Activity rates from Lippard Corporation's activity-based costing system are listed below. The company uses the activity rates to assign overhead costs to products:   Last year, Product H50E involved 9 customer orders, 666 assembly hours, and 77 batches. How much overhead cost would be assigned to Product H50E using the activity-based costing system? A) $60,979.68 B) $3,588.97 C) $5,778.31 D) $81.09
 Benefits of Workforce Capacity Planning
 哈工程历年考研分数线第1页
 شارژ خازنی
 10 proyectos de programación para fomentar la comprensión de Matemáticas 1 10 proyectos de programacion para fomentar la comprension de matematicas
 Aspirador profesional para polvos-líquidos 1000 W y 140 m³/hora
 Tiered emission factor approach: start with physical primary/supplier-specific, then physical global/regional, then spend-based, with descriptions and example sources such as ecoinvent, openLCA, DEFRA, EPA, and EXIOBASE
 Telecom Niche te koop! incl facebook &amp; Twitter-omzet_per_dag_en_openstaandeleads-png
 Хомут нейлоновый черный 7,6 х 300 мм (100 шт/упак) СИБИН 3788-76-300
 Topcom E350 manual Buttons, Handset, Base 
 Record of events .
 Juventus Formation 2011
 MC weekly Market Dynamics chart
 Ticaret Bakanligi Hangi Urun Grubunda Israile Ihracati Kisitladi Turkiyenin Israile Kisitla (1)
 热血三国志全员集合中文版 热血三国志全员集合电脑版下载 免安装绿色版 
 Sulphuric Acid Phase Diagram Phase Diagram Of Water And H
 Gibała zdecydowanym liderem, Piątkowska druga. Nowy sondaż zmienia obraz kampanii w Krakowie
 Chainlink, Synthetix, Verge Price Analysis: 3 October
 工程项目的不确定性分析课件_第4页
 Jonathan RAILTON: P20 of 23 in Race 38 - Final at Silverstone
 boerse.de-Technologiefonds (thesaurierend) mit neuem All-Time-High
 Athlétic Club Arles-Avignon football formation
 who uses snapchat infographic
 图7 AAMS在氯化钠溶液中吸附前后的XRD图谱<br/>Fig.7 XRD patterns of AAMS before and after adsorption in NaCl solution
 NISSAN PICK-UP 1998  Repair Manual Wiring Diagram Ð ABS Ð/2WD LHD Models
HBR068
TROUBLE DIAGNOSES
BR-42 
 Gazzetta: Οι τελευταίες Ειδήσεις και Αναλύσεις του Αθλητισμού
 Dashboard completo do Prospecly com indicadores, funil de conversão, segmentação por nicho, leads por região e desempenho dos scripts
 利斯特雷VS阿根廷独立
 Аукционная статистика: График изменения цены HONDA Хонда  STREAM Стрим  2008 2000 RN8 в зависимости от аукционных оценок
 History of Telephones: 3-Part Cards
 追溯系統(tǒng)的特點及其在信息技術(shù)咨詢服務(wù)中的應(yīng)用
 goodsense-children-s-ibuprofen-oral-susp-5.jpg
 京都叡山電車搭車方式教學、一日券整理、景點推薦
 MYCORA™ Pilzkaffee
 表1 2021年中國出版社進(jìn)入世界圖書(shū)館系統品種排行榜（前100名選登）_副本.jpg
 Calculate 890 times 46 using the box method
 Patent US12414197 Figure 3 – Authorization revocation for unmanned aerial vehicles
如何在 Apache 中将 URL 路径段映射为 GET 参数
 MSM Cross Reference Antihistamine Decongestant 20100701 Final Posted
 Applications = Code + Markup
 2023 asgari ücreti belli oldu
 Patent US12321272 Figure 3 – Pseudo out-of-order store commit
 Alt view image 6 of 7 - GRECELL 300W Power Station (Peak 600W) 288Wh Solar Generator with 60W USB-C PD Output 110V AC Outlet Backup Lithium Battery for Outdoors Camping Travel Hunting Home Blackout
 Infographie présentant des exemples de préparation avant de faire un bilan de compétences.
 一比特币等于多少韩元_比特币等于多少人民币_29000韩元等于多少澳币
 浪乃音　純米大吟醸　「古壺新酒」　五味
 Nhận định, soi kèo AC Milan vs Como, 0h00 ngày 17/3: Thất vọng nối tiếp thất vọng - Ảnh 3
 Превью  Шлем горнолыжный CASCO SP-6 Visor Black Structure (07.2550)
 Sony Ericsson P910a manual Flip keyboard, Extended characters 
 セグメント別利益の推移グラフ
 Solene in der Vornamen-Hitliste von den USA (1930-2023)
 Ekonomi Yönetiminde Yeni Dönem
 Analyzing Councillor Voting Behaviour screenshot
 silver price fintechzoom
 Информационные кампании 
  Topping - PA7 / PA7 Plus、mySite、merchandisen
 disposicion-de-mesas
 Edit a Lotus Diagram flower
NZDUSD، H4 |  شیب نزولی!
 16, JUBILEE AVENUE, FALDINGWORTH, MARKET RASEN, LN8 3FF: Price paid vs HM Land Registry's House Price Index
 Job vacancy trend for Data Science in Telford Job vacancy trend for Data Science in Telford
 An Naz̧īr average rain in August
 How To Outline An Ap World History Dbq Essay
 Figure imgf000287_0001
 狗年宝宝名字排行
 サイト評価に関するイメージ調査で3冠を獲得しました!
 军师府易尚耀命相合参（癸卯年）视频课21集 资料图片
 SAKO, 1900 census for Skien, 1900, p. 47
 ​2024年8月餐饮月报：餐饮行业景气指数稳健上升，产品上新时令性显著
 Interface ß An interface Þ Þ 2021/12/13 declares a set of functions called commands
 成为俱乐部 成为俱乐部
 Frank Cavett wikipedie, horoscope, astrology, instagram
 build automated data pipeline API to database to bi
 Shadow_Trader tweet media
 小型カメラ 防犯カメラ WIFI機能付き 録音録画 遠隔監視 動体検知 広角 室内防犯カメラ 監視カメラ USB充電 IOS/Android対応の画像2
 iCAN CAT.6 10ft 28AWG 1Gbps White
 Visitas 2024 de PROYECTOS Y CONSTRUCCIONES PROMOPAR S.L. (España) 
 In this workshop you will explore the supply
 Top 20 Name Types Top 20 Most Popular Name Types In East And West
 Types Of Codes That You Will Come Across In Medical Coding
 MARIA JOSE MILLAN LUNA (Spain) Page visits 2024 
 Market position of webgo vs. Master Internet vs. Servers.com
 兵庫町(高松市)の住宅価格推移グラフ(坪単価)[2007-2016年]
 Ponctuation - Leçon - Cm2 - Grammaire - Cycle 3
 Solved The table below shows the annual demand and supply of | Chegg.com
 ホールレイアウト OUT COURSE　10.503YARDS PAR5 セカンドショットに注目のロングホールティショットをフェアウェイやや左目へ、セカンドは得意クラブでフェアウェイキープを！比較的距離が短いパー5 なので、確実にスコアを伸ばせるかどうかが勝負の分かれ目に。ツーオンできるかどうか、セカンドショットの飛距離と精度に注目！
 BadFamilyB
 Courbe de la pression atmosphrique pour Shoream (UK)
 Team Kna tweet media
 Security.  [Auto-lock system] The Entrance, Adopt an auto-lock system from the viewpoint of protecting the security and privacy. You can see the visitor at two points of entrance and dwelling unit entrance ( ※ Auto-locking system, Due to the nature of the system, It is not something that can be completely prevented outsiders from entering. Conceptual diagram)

• _What is being asked_:
Proceeding from the line containing "iCAN CAT.6 10ft 28AWG 1Gbps White" through the line containing "兵庫町(高松市)の住宅価格推移グラフ(坪単価)[2007-2016年]", transcribe the lines above exactly, both end lines included.

• _Output of the exercise_:
 iCAN CAT.6 10ft 28AWG 1Gbps White
 Visitas 2024 de PROYECTOS Y CONSTRUCCIONES PROMOPAR S.L. (España) 
 In this workshop you will explore the supply
 Top 20 Name Types Top 20 Most Popular Name Types In East And West
 Types Of Codes That You Will Come Across In Medical Coding
 MARIA JOSE MILLAN LUNA (Spain) Page visits 2024 
 Market position of webgo vs. Master Internet vs. Servers.com
 兵庫町(高松市)の住宅価格推移グラフ(坪単価)[2007-2016年]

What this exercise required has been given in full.